In the records below, find the line with "Male nipple, after" and repeat exactly every line from it through the line with "Top các triệu". Pictures stay out.

__DATA TO PROCESS__
►

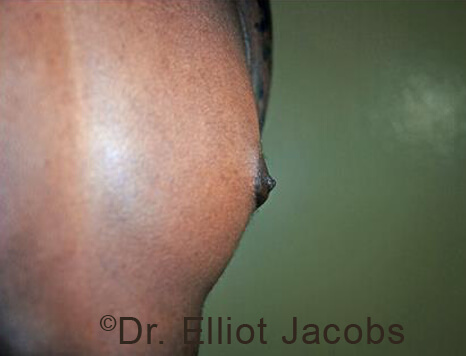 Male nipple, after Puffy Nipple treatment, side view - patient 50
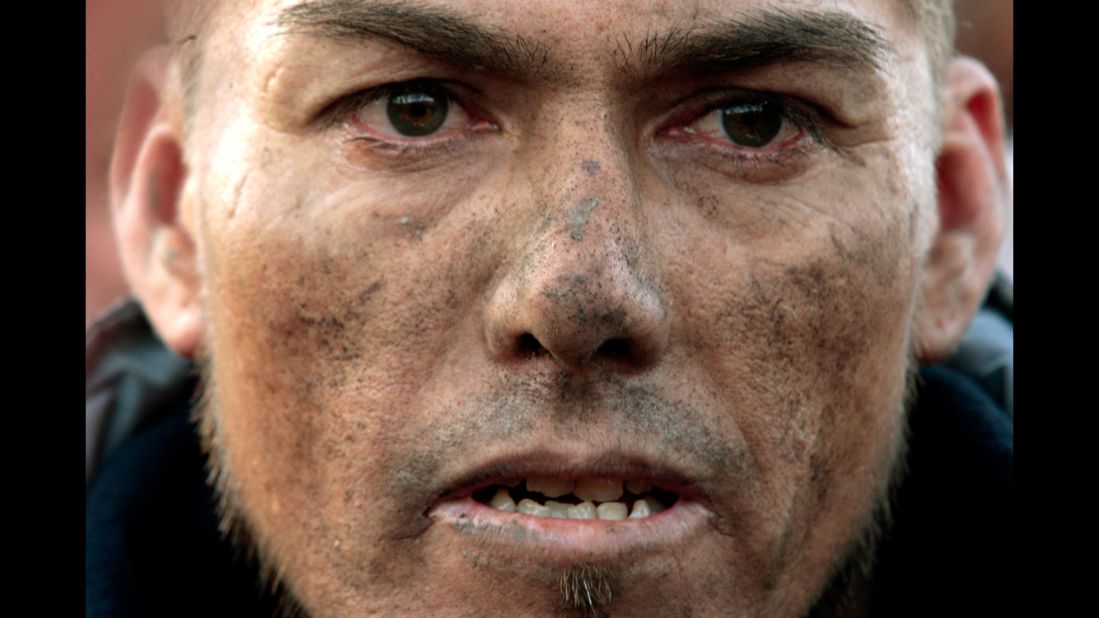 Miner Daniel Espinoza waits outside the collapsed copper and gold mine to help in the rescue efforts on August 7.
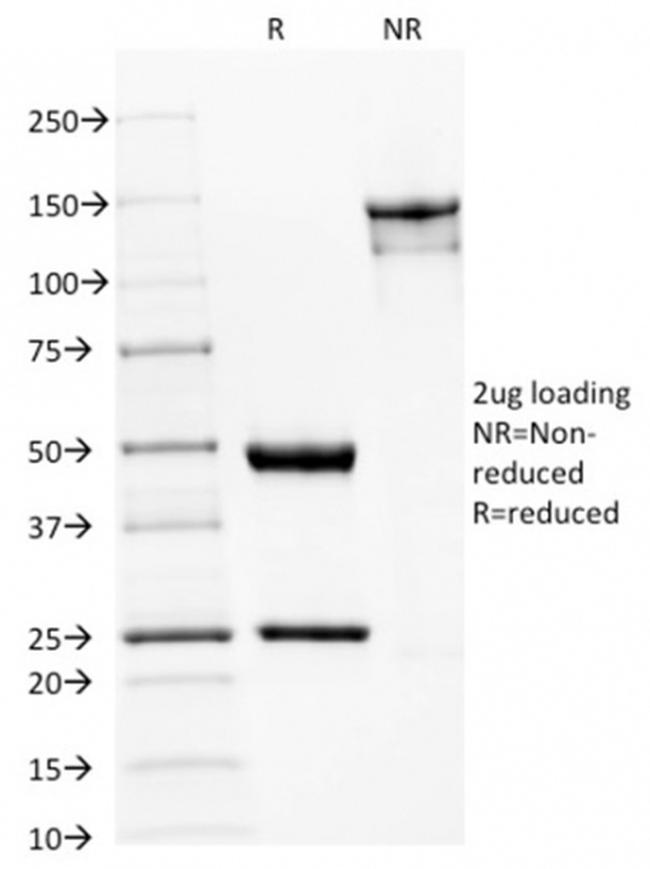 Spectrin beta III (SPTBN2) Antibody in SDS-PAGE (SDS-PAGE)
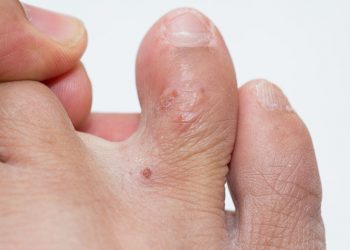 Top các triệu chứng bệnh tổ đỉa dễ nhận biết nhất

◄
►

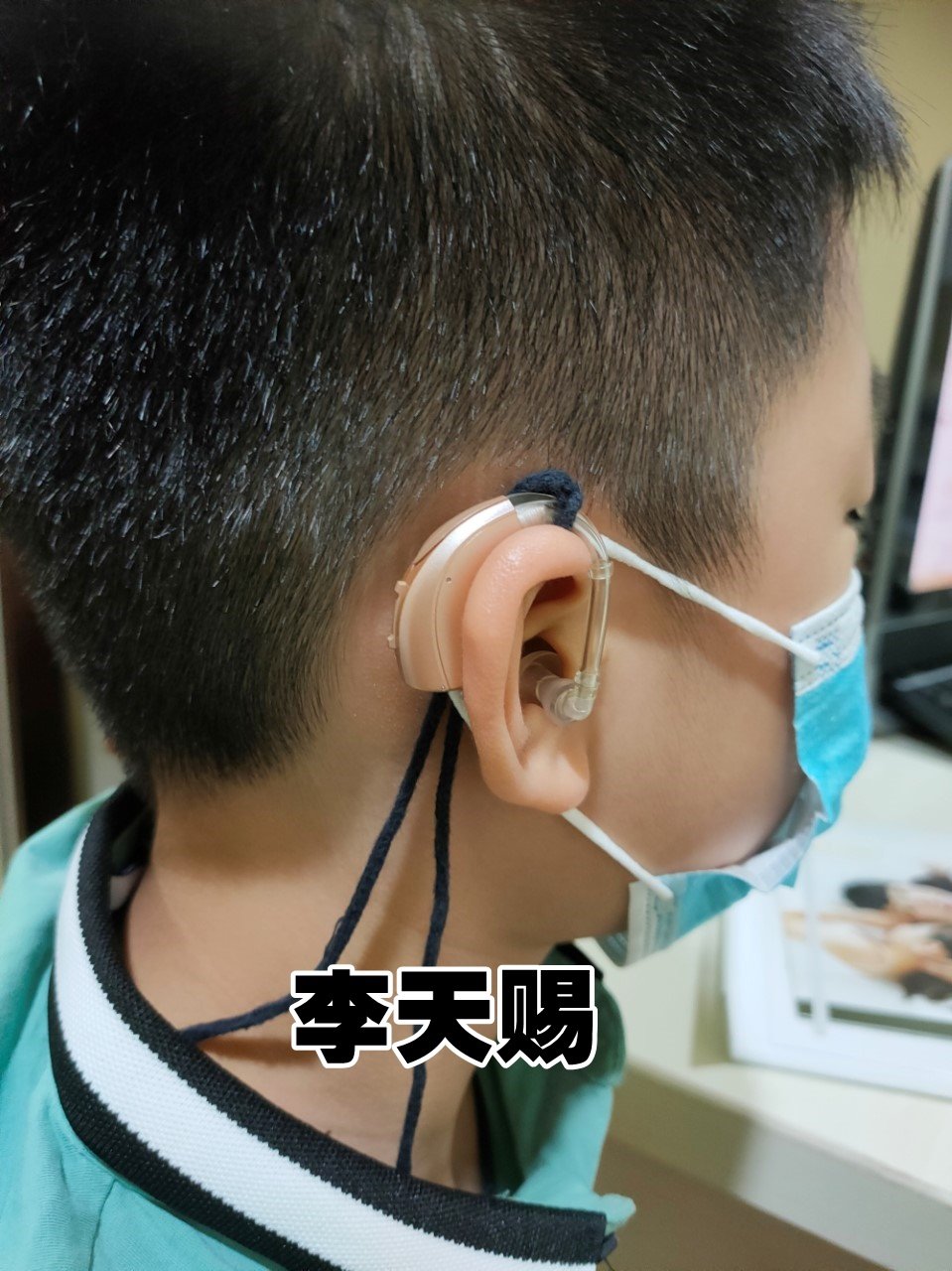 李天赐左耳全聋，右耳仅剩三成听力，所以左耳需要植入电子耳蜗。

◄

__TASK RESULT__
 Male nipple, after Puffy Nipple treatment, side view - patient 50
 Miner Daniel Espinoza waits outside the collapsed copper and gold mine to help in the rescue efforts on August 7.
 Spectrin beta III (SPTBN2) Antibody in SDS-PAGE (SDS-PAGE)
 Top các triệu chứng bệnh tổ đỉa dễ nhận biết nhất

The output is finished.